▶ _Raw data_:
^^^^^^^^
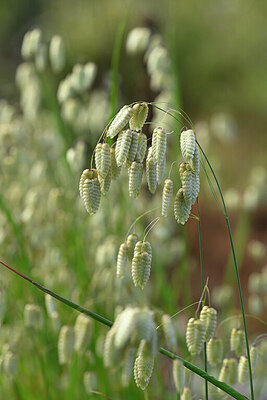 BUITEN BEELD Foto: 440228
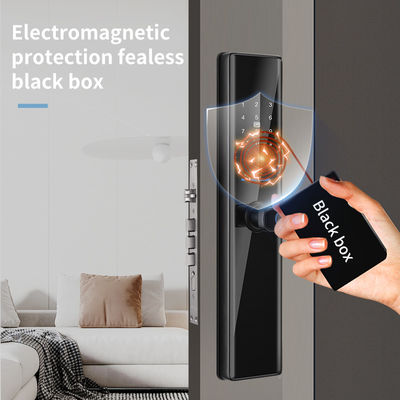 Tuya Zigbee impronta digitale chiave senza serratura porta intelligente anti furto serratura digitale porta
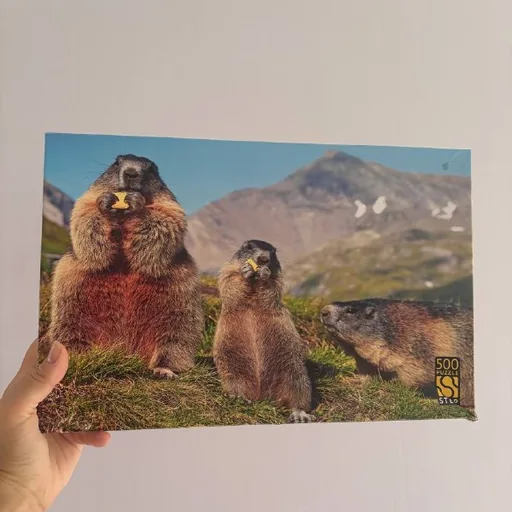 Пазл Step Puzzle с сурками, 500 деталей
^^^^^^^^
▶ _What you are asked to do_: Leaving every picture out, please copy exactly the lines from the one holding "Tuya Zigbee impronta" through the last line of the listing, both ends included.

▶ _Answer to this problem_:
 Tuya Zigbee impronta digitale chiave senza serratura porta intelligente anti furto serratura digitale porta
 Пазл Step Puzzle с сурками, 500 деталей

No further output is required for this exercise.